There is now plenty of variety within the alternative debt space, with products covering a broad spectrum including senior and subordinated debt, bond market solutions, bespoke partnerships, as well as primary- and secondary market-focused vehicles.
But more interestingly, perhaps, banks have begun to take notice of these new upstarts. The intensity of their attention varies with the telling, with some sources stating banks are actually feeling the heat from these new debt sources while others dismiss such tales of rivalry.
Still, banks have infrastructure divisions that need to do deals, and it seems they have started the year with renewed appetite. Fund managers are reporting an increase in the number of phone calls from bankers sniffing around for deal flow and interest in marquee deals like the sale of the TIGF gas network, in France, is said to be off the charts.
If the alternative debt space is helping to generate this competition, the industry has already netted an important victory.
That said, reports of banks’ deaths are greatly exaggerated. Put simply, infrastructure finance is still very much a bank’s world. Institutional investor debt solutions are, at this point in time, an attractive complement – not the be all and end all.
If we had to single out two reasons why the status quo is likely to persist for quite a while longer, we’d narrow them down to nimbleness and flexibility. Banks are still quicker than debt funds when it comes to inserting themselves in deals and executing on them. There’s no magic in this: banks have simply been around for longer and have the advantage of the whole system being geared towards them, at least in Europe.
Importantly, banks also offer more flexibility: want to refinance that debt tranche in two years’ time because you found a better alternative? Not likely to be a problem, if your lender is a bank. If, however, your loan came from an institutional investor, you are likely to be locked in for the long haul.
Of course there are plenty of situations where that long-term lock-in can be a material advantage. If you’re a developer investing in a greenfield project, what you want is to price your debt for 20 or 30 years and be done with it.
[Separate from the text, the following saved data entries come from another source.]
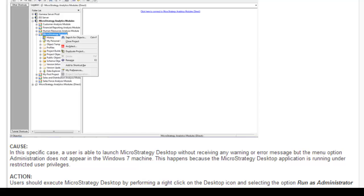What I have done is uninstalled the existing MicroStrategy 9.3, then opened the registry. If you go to start and in the run, type in regedit and click OK, the registry editor will open up.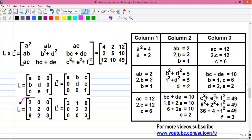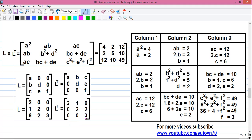Now we put those values into the standard form of L to get the actual L matrix. A is 2, B is 1, C is 6, D is 2, E is 2, and F is 3, with all other values as 0. So we have obtained matrix L. Now we transpose it: row 1 of L written as column 1 of L^T gives 2, 0, 0; next 1, 2, 0; and 6, 2, 3, written column-wise. That is our required L^T matrix.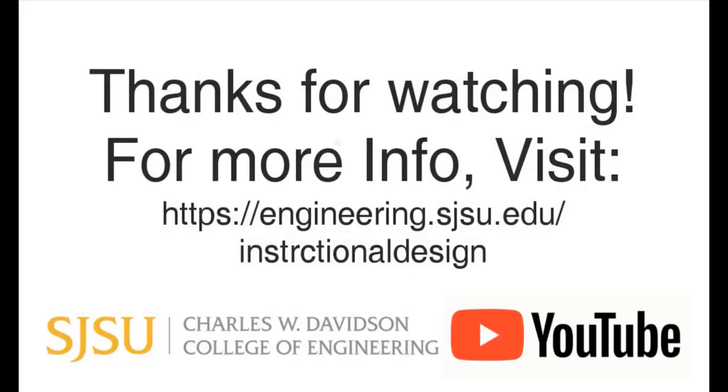This will be the end of the video. For more information on this and other tutorials, please check the links in the description below. Thank you for listening and have a great day.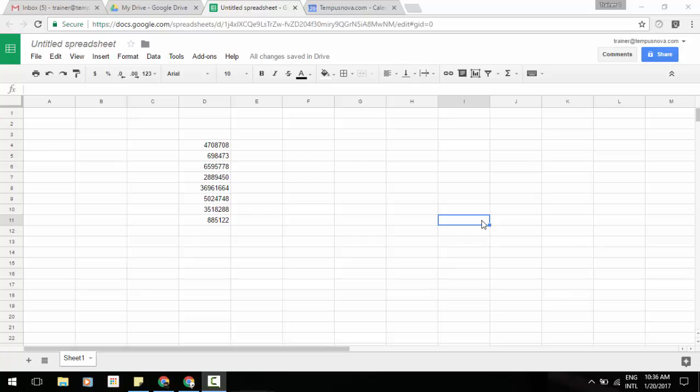We know that data in spreadsheets isn't always neatly distributed across entire rows and columns. Oftentimes, sheets contain multiple tables and regions of data that can't be separated.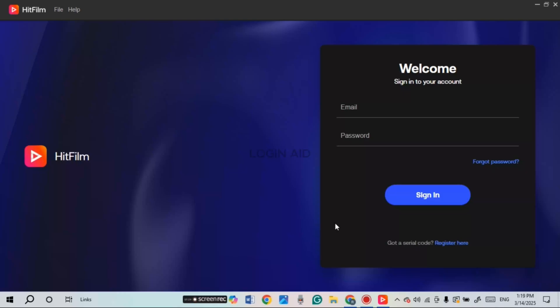First of all, what you have to do is enter your email address. Simply click on the email address field and enter your email address there.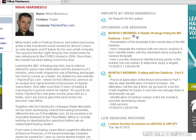Good afternoon everyone. This is Mihail from pipsandtips.com. Thank you for joining us today and welcome to this presentation.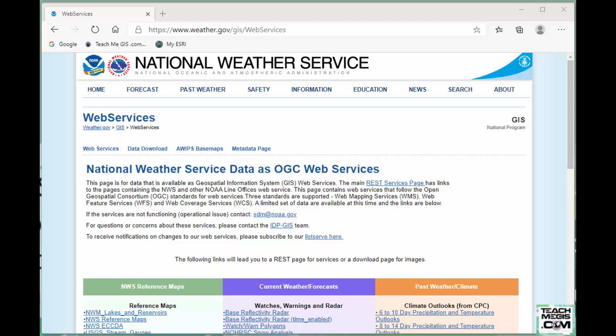Hi everybody. I'm Sarah from TeachMeGIS and today I'm going to show you how to recreate a map I made for monitoring Hurricane Laura and Tropical Storm Marco this past week. I did this with layers that all came from the National Weather Service, specifically service layers, which means they come from the internet. Anytime there's an update to the data, I don't have to re-download a new shapefile — the data just updates within my map.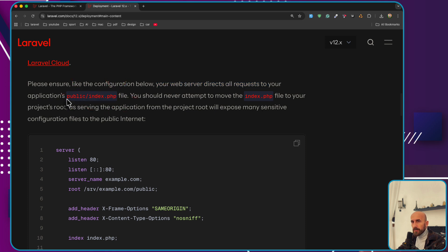All the requests are going to be directed here in this file, index.php inside the public directory.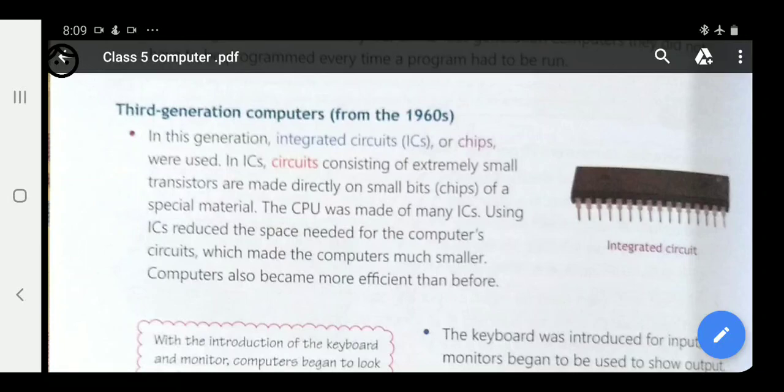Hello students, this is your computer sir. Continuing with the last topic, history of computer, today we will move to third generation computers. In the previous class we learned about generation one and generation two, now we come to third generation.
When it comes to M&A, though, the story is arguably a bit different.
Still, it’s always good to be able to mix and match debt maturities in an acquisition, and in this sense, the alternative debt space again adds value.
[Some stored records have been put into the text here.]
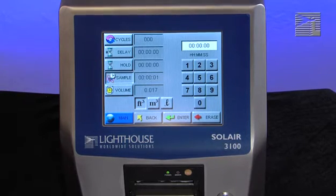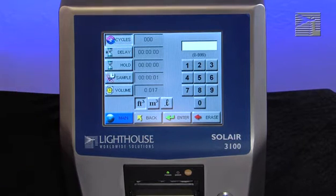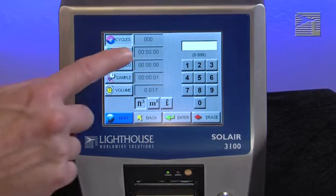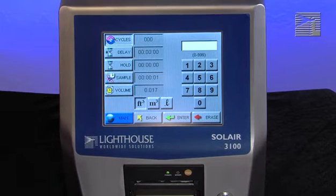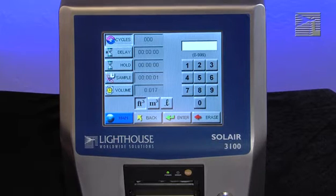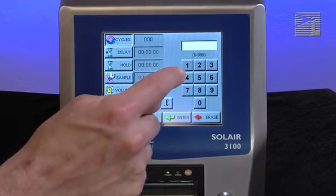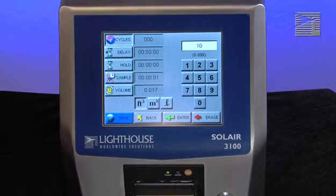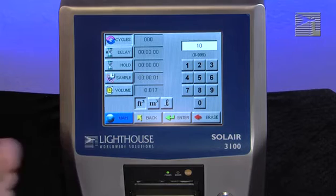The number of cycles is set to determine how many times the instrument samples in a single location. This is used only in auto mode. When cycles is set to zero, the instrument will continue running samples indefinitely until a stop button is pressed. Enter the desired cycles using the numeric keypad on the right. Press erase to erase a number if needed, then press enter to set the cycles.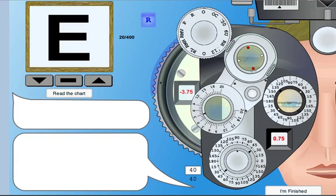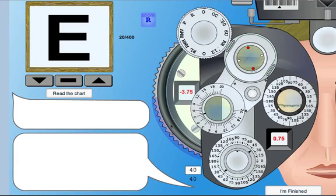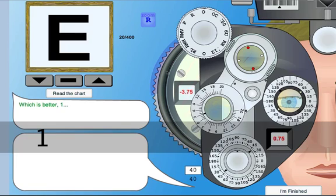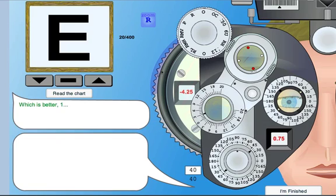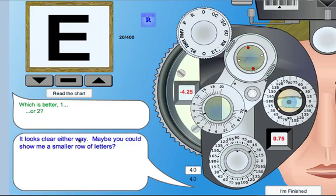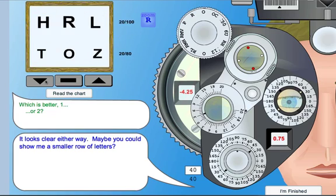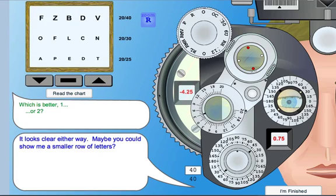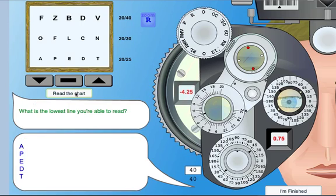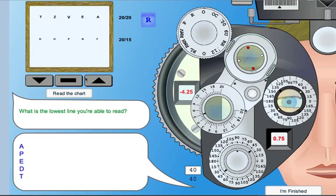You ask questions, and of course the patient can't hear you on this simulator, so instead, when you give choices, you just press the 1 and 2 button on the keyboard. So you say which one's better, number 1, and press the number 1 key on your keyboard, or number 2 — and they say it looks clear either way. Maybe you could show me a small row of letters. Rookie mistake — we probably should measure the vision first. Since they have a prescription in here, we'll just ask them to read the chart with this. They're reading 20/25 already. Read this chart — can't read any of those.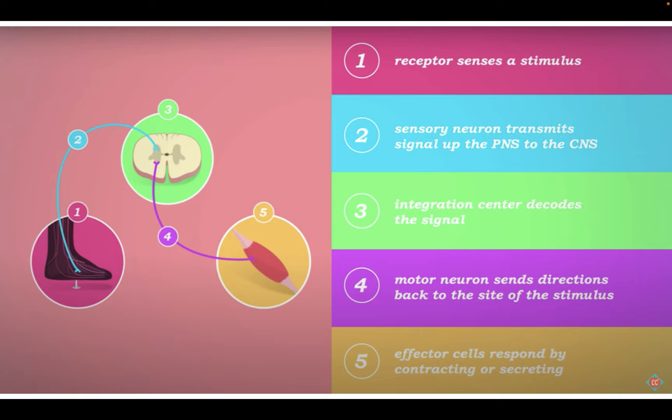That's all for now. We are going to pick back up next week looking at the actual workings of each individual neuron and how those are sending those signals and how each neuron makes connections with other neurons. That'll be the work for next week, but this is the overview of the nervous system.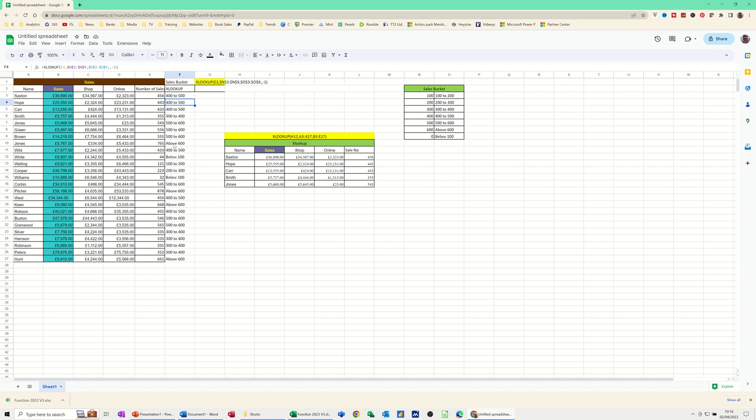So 300 to 400, etc. Below 100, above 800, above 600. And that's the XLOOKUP function. There's two simple examples of its use. Obviously, there are many more. But that's all I want to talk about in this little video. Thank you for your time. I'll catch you in the next one.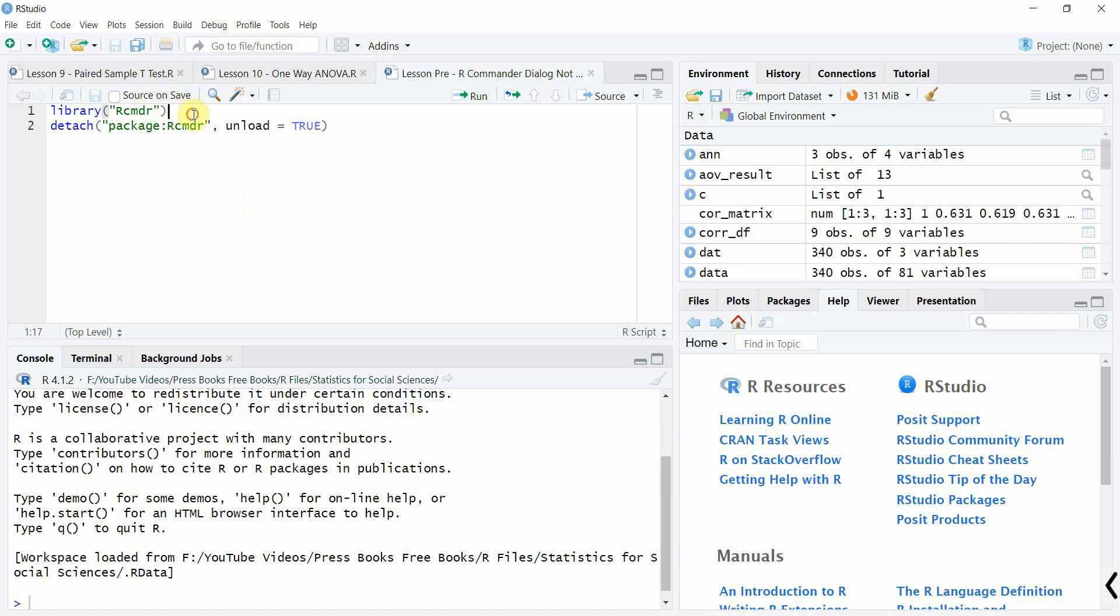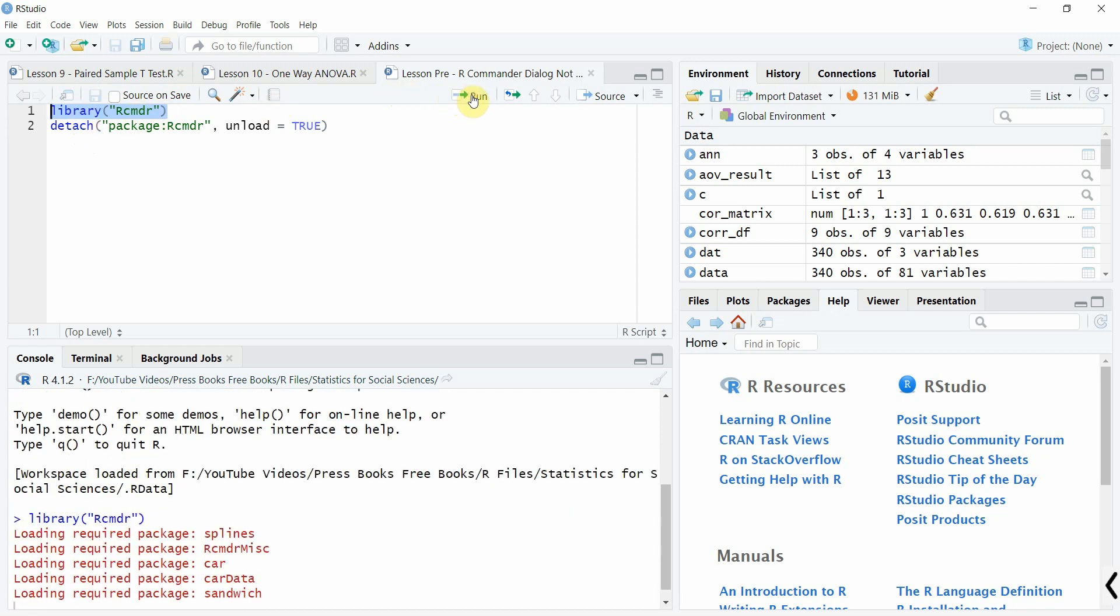So how do we run R Commander dialog box for statistics in R using the library command? Let's select it: library rcmdr, run it.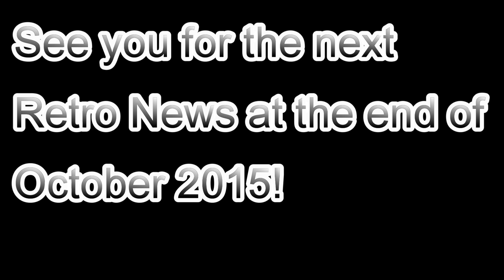And that's it for the Retro News in September 2015. Thanks for tuning in. If you come across any interesting projects in October please let me know, drop me a line and I'll include it in the next news.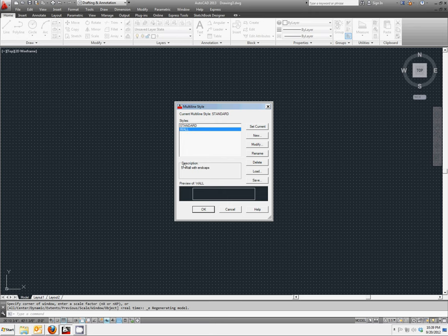The Save button is going to save that style to the library of multi-line styles. By default, AutoCAD saves the multi-line styles to a file that you can access later. If you need help, I can help you with how to find that.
Have you taken a look at Banque Postale’s new infrastructure and real estate senior debt fund? At first glance, it seems like an unnecessary hybrid structure, especially since, in reality, the vehicle is broken down into two, ring-fenced sub-funds.
Look closer though, and it’s easy to see the synergies. While it’s true that real estate and infrastructure debt have their differences, they also have enough similarities to allow for a little tag-team fundraising effort.
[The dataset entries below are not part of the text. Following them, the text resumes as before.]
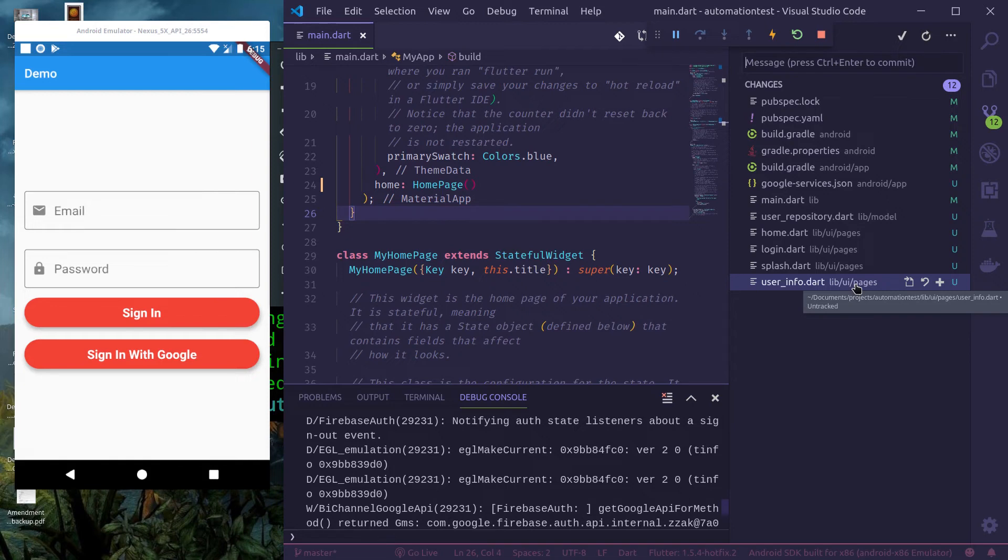It also upgrades the app to AndroidX because latest Firebase Authentication Firestore plugins doesn't work without AndroidX.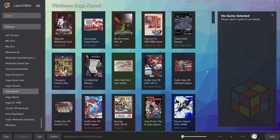What's going on guys, CTA Prime back here again with another LaunchBox tutorial. Today we're going to be covering Sammy Atomiswave and Sega Naomi. There are a few emulators that support Naomi and Atomiswave, but in this video we're going to be using RetroArch and the newly updated Flycast core. If you're interested in running Naomi or Atomiswave with a different emulator, I'm going to leave a link in the description.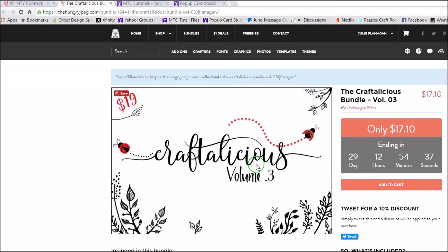Hello, this is Julie. I just purchased the Craft Delicious Volume 3 bundle from The Hungry Jake Pegg.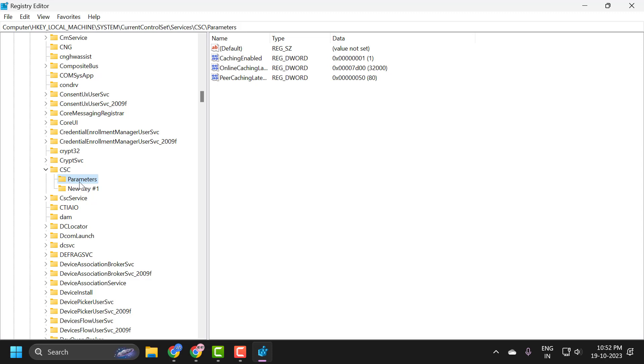Name it as Parameters with a capital P: P-A-R-A-M-E-T-E-R-S.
It isn’t a stretch of the imagination to envisage a situation where Banque Postale’s co-heads go into a meeting with a limited partner (LP) pitching one of the sub-funds – let’s say the real estate one, for the sake of argument – only to find the LP inquiring about the other sub-fund, and eventually deciding to commit to that as well.
When you think of the growing appetite real estate LPs have shown for infrastructure, the synergies become very attractive indeed.